:: Recorded information ::
##########
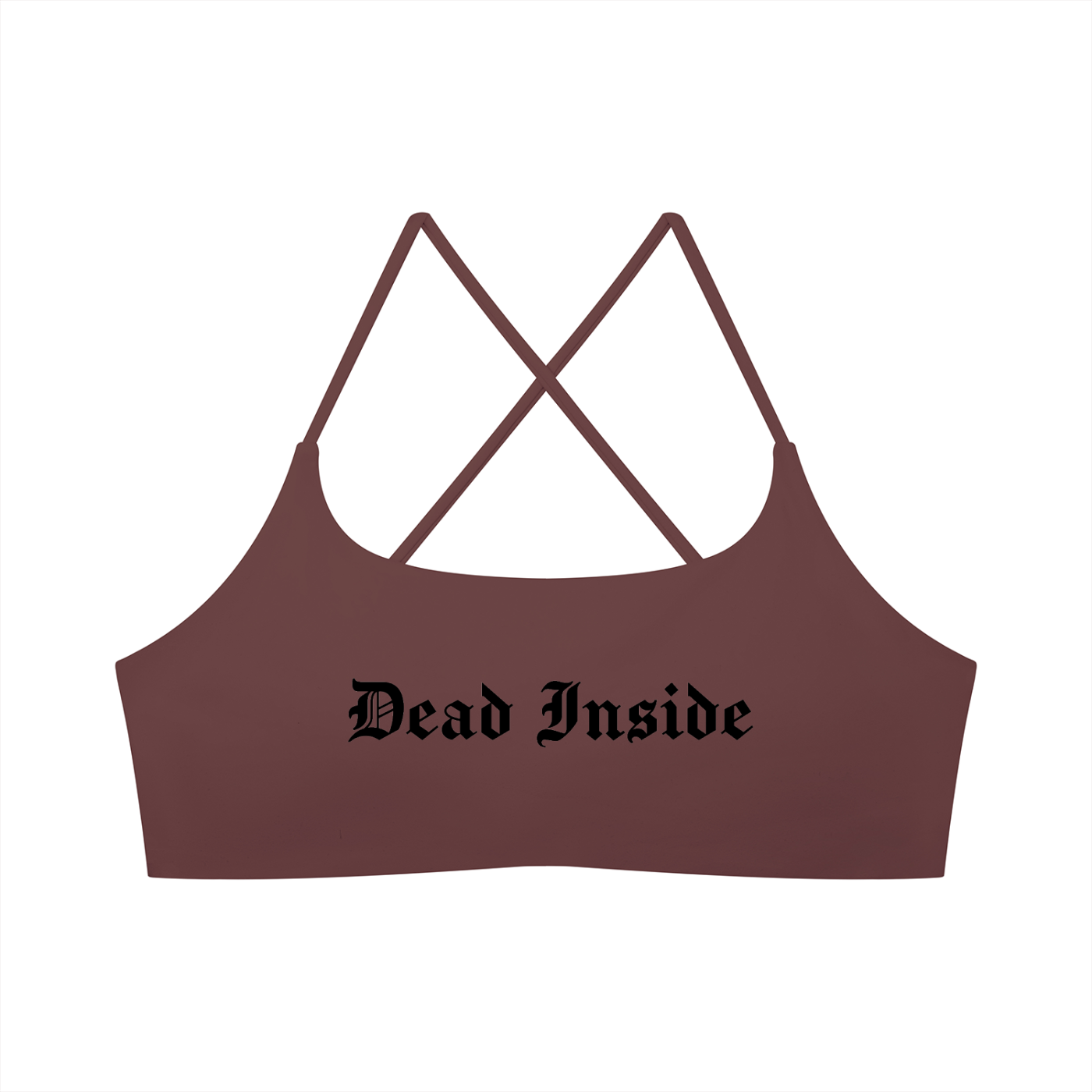 Dead Inside Women's Cross Strap Sports Bra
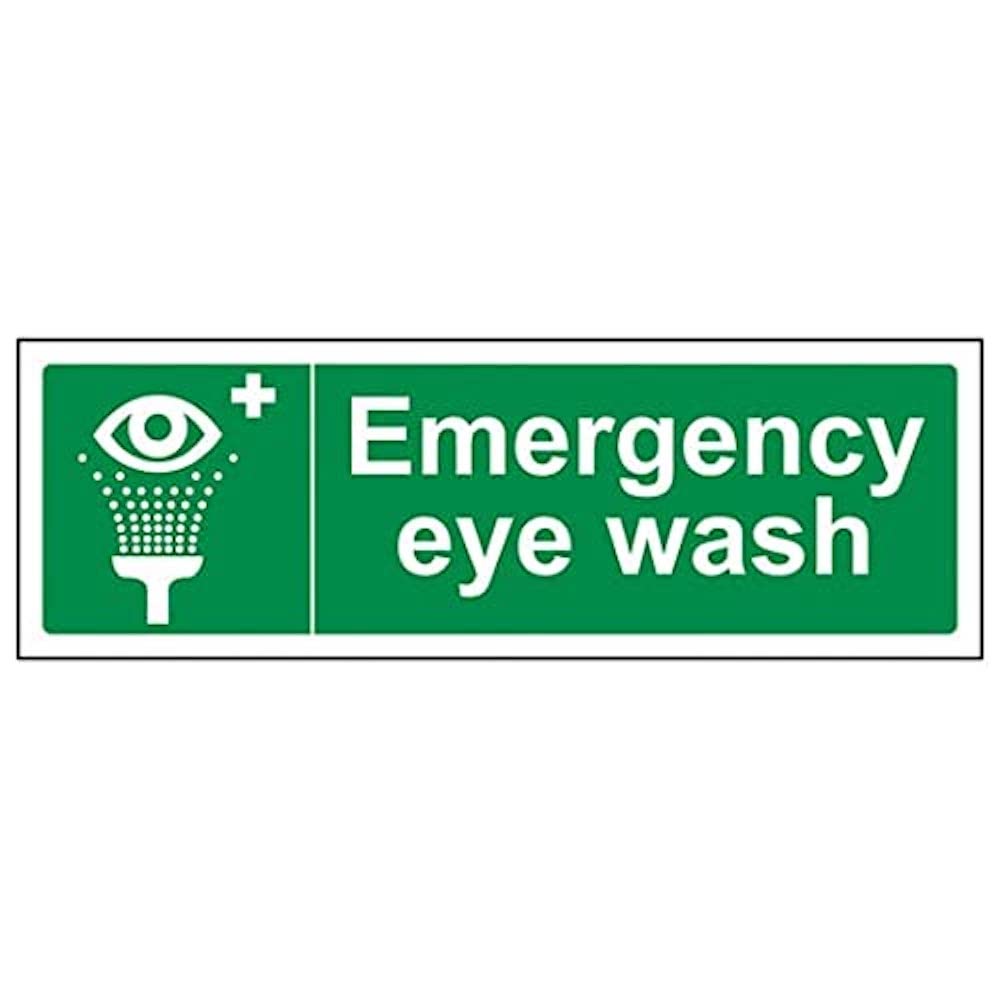 V Safety Eco Friendly Safe Condition General - Emergency Eyewash - 300 X 100mm, Multi, 300x100mm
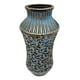 thumbnail image 2 of Florero Jarron Ceramica Diseño Nordico Azul Dorado Grande, 2 of 4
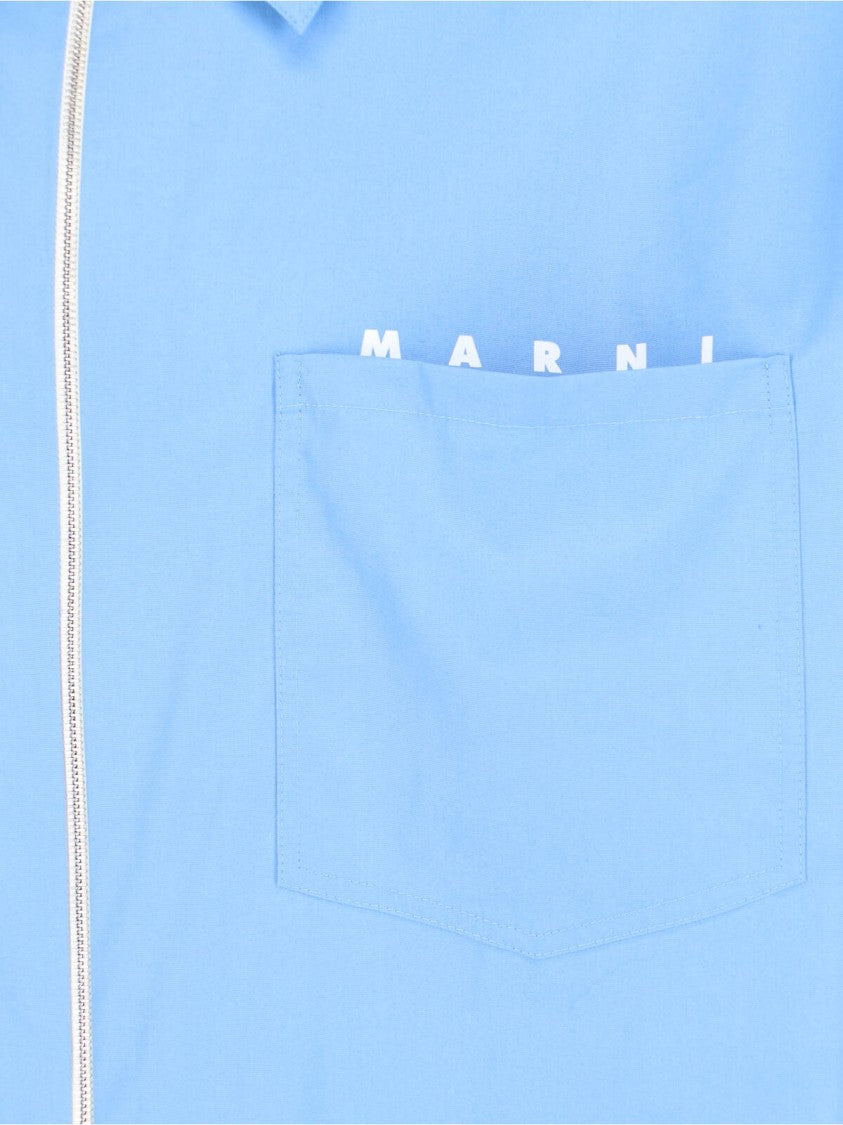 Marni Logo Shirt – Light Blue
##########
The required output is the span of lines from the line with "V Safety Eco" through the final line of the listing above, reproduced exactly, minus the pictures.

:: Result ::
 V Safety Eco Friendly Safe Condition General - Emergency Eyewash - 300 X 100mm, Multi, 300x100mm
 thumbnail image 2 of Florero Jarron Ceramica Diseño Nordico Azul Dorado Grande, 2 of 4
 Marni Logo Shirt – Light Blue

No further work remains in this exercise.